Wednesday 22 March 2017

190 Lisgar


   This jarring little photo is  testament to what Centretown was and what it has become. Imagine walking through a late 19th century neighbourhood where these 2½ storey brick houses were the norm...

   This (admittedly unflattering) rear view of 190 Lisgar shows us its 1½ storey summer kitchen,  typical of so many simple, front-gabled Victorian houses. These homes were often built using the cheaper brick-on-wood method, more prone to fire and decay — and easier to knock down and replace with something more densified.

   It's a measure of our city's growth that the 1878 Goad maps depicted Lisgar Street as the southern boundary of Ottawa's development for that year. Mr. Goad didn't see fit to include anything beyond, dismissing the area as the marshy hinterland it (mostly) was.

   The 1875 City Directory was more nuanced. A.S. Woodburn did list 16 households on Lisgar's south side — mostly Scottish, a few Irish, mostly "labourers." Woodburn mentioned two carpenters, a carter, a painter, a tailor, a teamster, and a farmer. Three widows were duly noted. However none of these people lived between Elgin and Metcalfe. So yes, you could have indeed looked south from what is now Sobey's onto a miasmatic, frog-festered "beaver meadow."

    A decade-and-spare-change later, Goad's 1888 maps reveal a shift toward more prestigious land use...



   At the top of this detail from sheet 52, the Elgin Street Orphanage exemplifies things institutional. Nine houses command the rest of block 288. Of these, seven are larger, all-brick designs — their footprints bespeak mass and complexity. The two remaining buildings are of more modest size and construction — 190 Lisgar, highlighted in pink, huddles next to its neighbour at 188. 190 is a bit larger up front and boasts a pretty bay window. 188 has the larger summer kitchen and makes do with a broad front verandah. Both houses are shown with long, narrow sheds extending to the very backs of their respective properties.

   Of all the buildings shown here, only two survive. 251 Cooper houses the Czech Embassy while behind it, prim and tidy, is 190 Lisgar, pied-à-terre to Bennett Property Shop Realty.
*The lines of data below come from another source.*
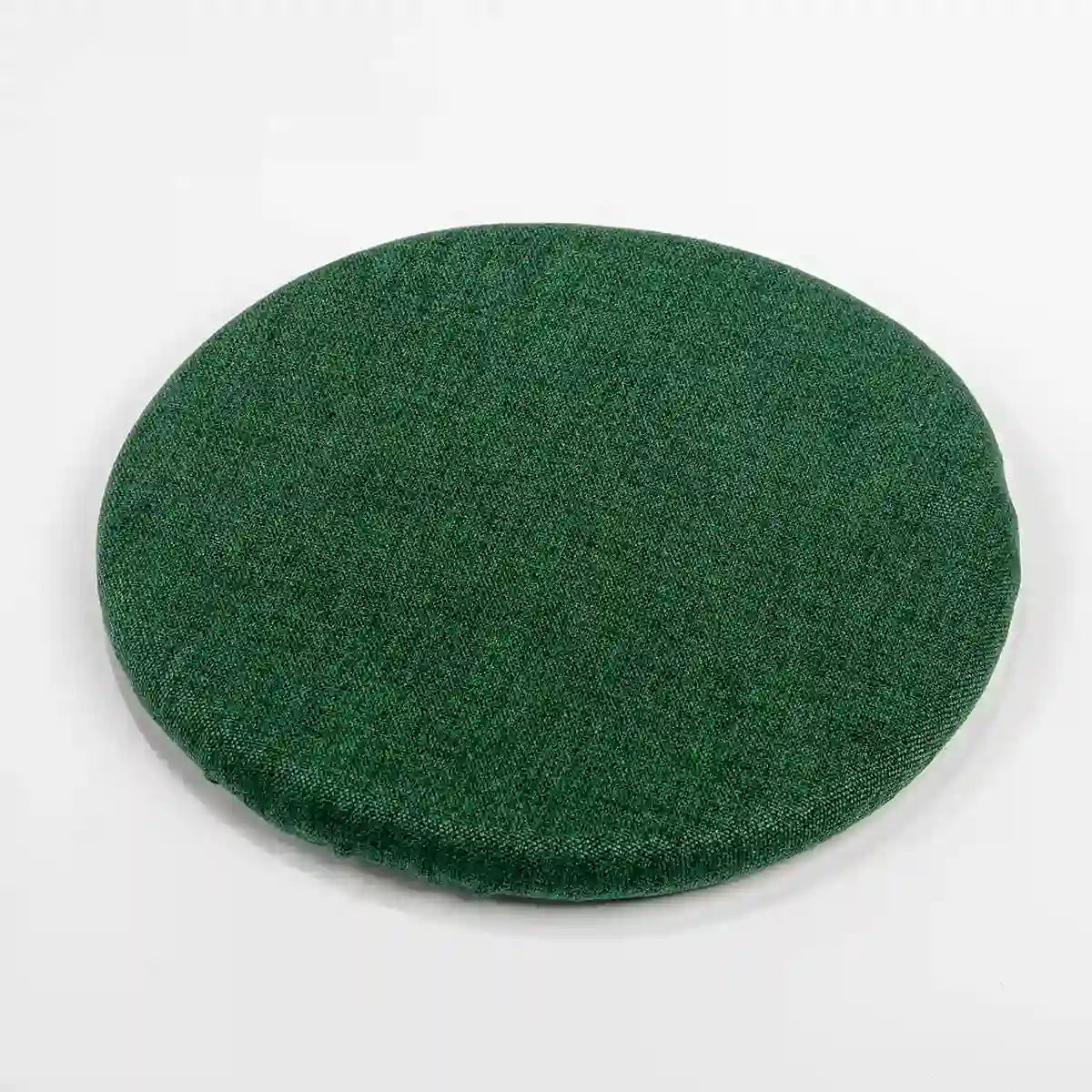Studiophotography top view of a Wobblez Forest Green Skins cover for the Savvy & Spine wobble stools on a white background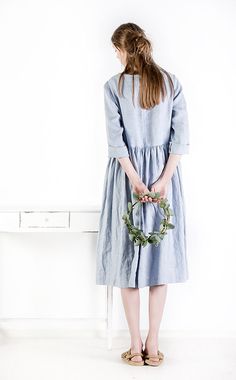 "Handcrafted Oeko-Tex Standard certified 100% European linen smock dress ideal for everyday wear. Perfect for springtime or chilly summer days. Always dress to kill! Neckline: round Silhouette: low waist Hem length: ±45\"/115cm (we can make adjustments) Sleeve lenght: 3/4 Pockets: side seam Details: *Colour shown: navy blue/ charcoal grey/ ice blue *Model is wearing size M *Medium weight *Maternity-friendly *Relaxed fit *Not-ironed (and no need to) *Handmade by @LinenCloud Easy care: - Machine w Spring Flax Linen Dress, Flax Linen Long Sleeve Dress With Relaxed Fit, Spring Long Sleeve Linen Dress With Pockets, Spring Smock Midi Dress With Relaxed Fit, Spring Midi Dress With Smock And Relaxed Fit, Spring Long Sleeve Dress With Slip Pockets, Spring Linen Dress With Pockets, Spring Linen Dress With Pockets And Relaxed Fit, Spring Relaxed Fit Linen Dress In Flax Color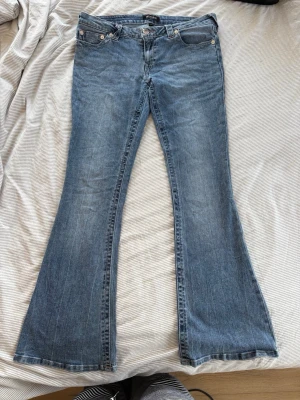 Blå bootcut jeans med utsvängda ben - Säljer ett par klassiska blå bootcut jeans med utsvängda ben och fem fickor. Jeansen har en snygg tvättad look och är tillverkade i denim. Perfekta för dig som gillar retrostil och vill ha ett par jeans som sticker ut.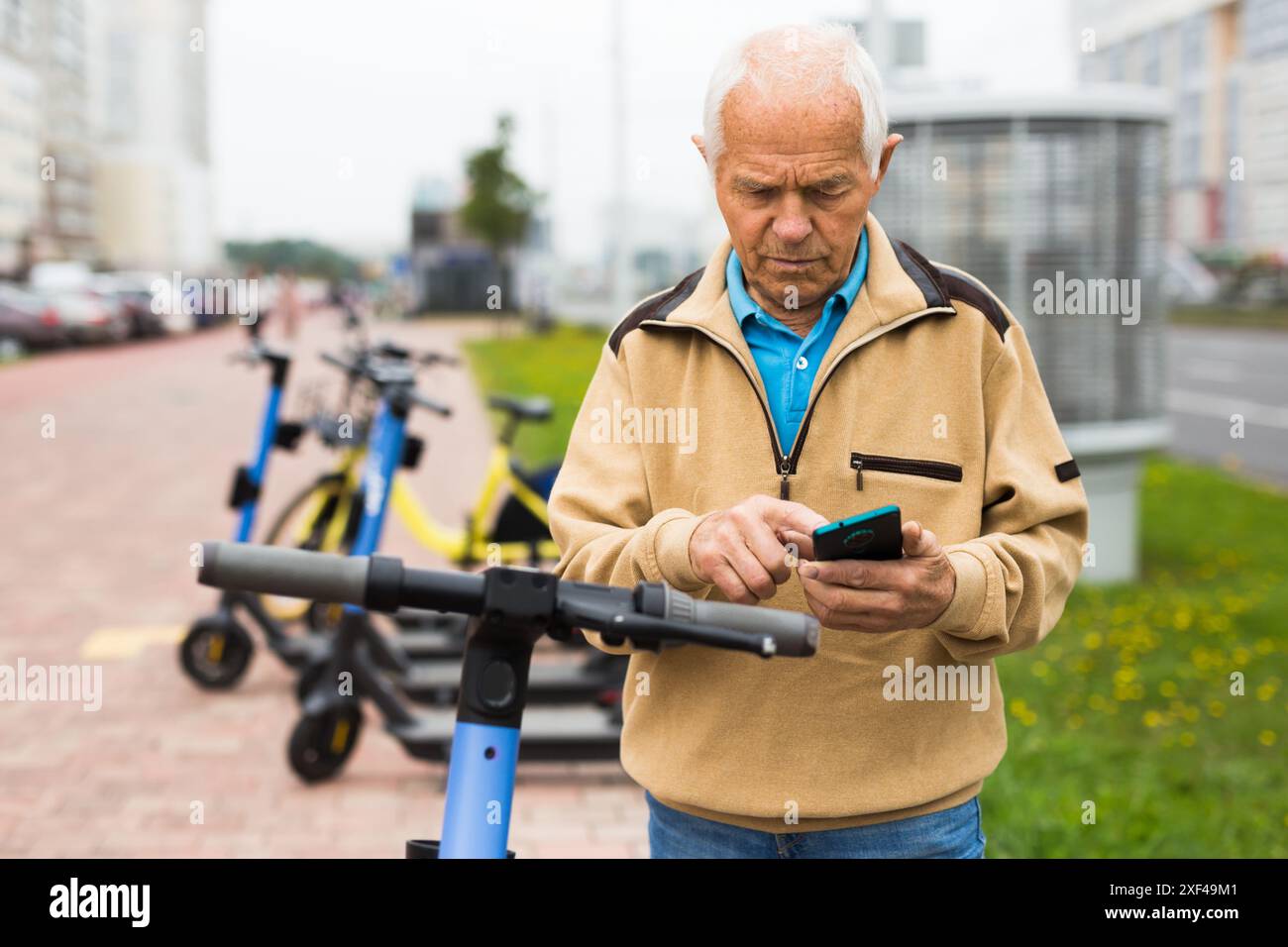 Old man using smartphone to activate e-scooter Stock Photo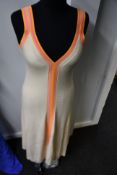 An as new Sandro mid length two tone knit dress (Size 38).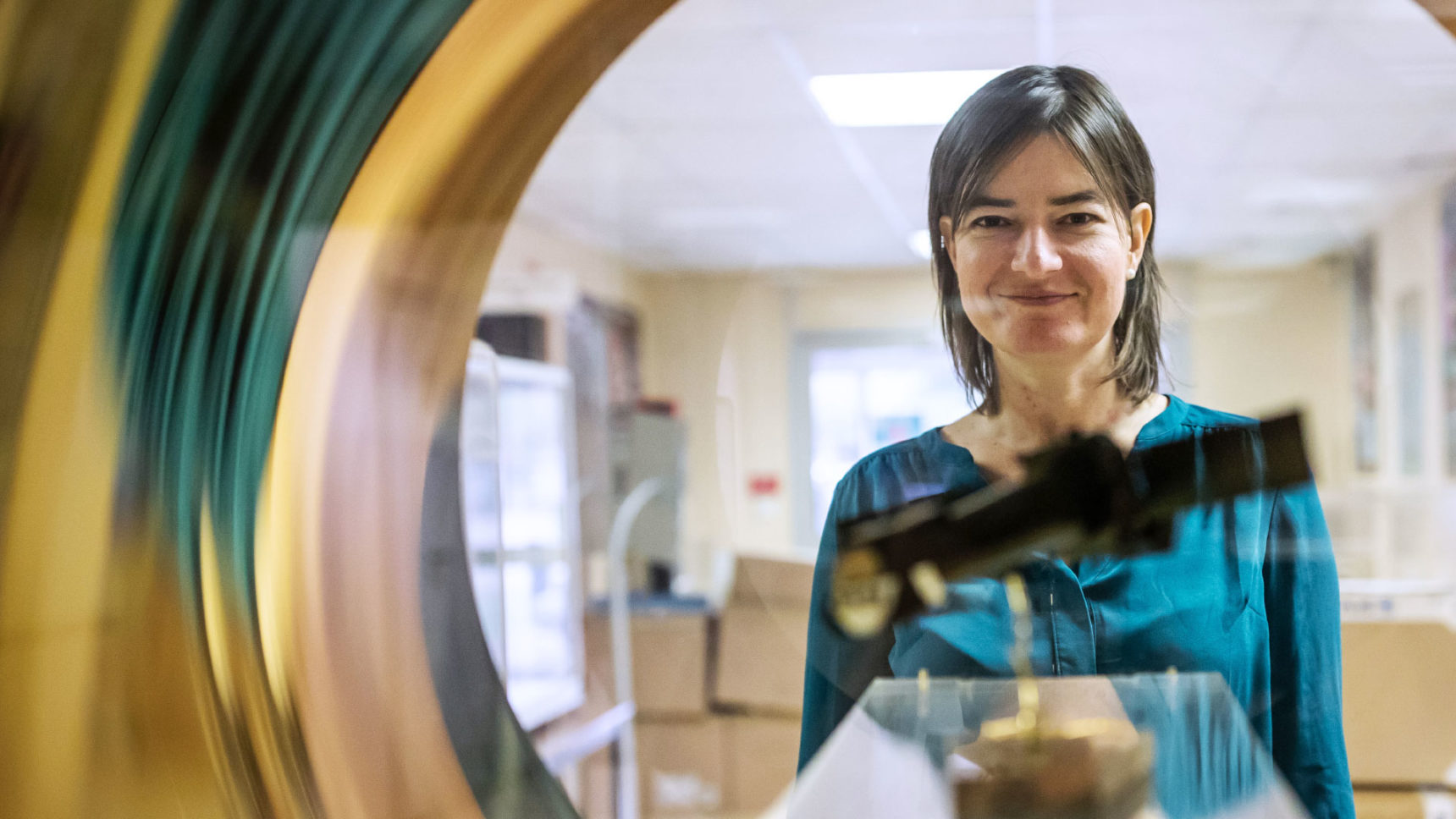 Valeria Pettorino looking through a model of a satellite.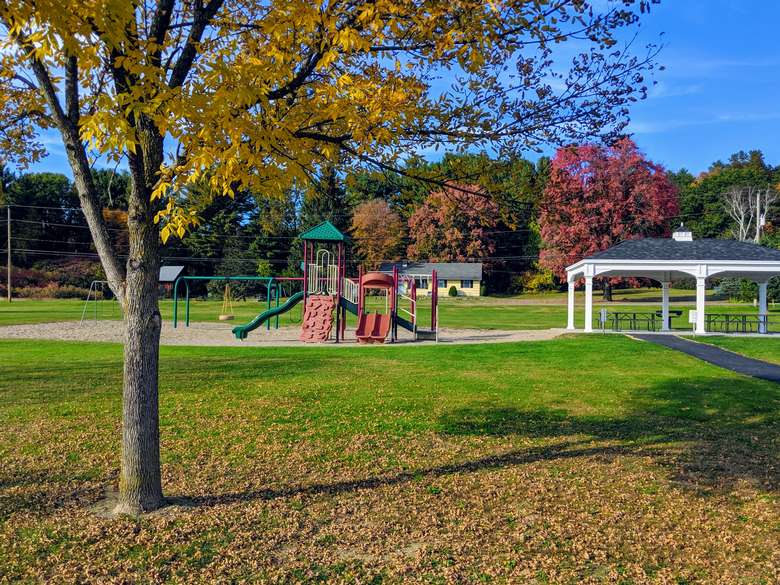 playground and picnic tables under gazebo structure in fall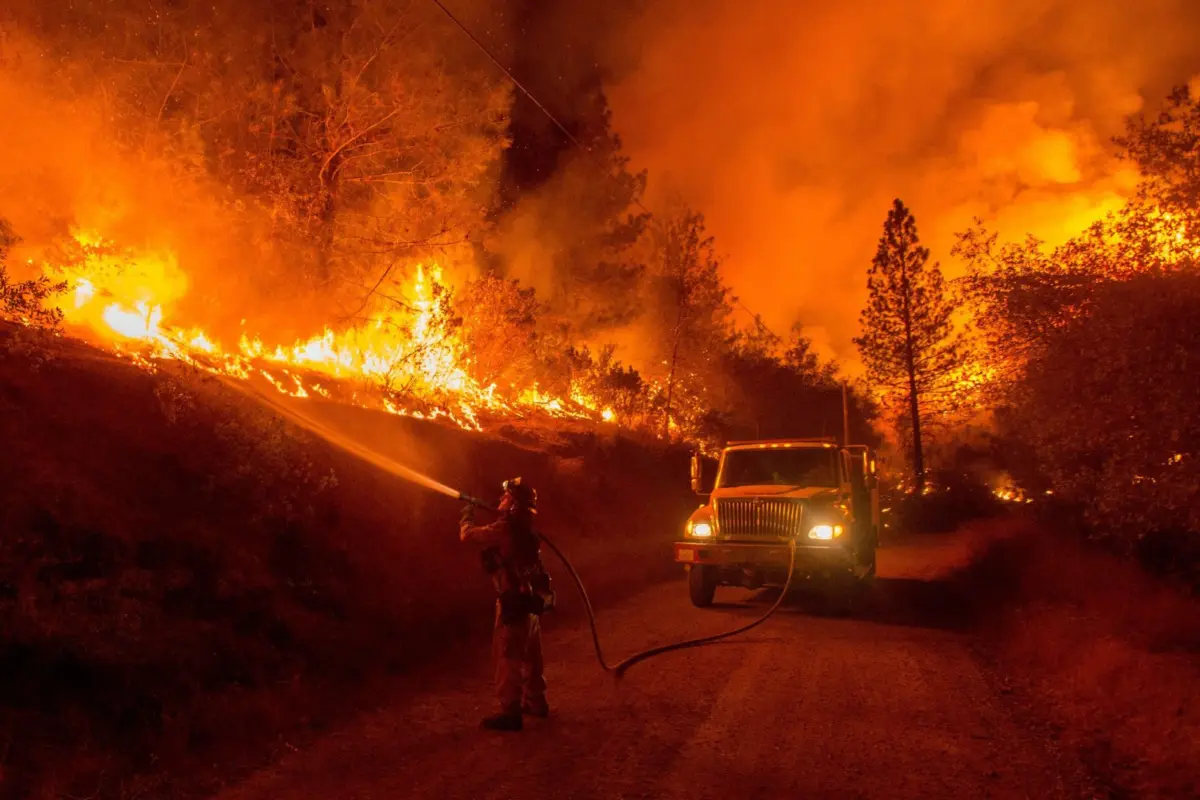 A firefighter aims a hose at flames burning up a hillside beside a dirt road at night, with a fire engine nearby.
Sometimes, the little house does prevail.

   190 Lisgar would have been built some time between 1875 and 1884. According to the Woodburn Directory for the latter date, the house was occupied by John Robertson, a grain dealer. 


   I haven't had a chance to get a clear shot of #190 from the front — until then, we'll make do with this treatment of a Google Street View capture.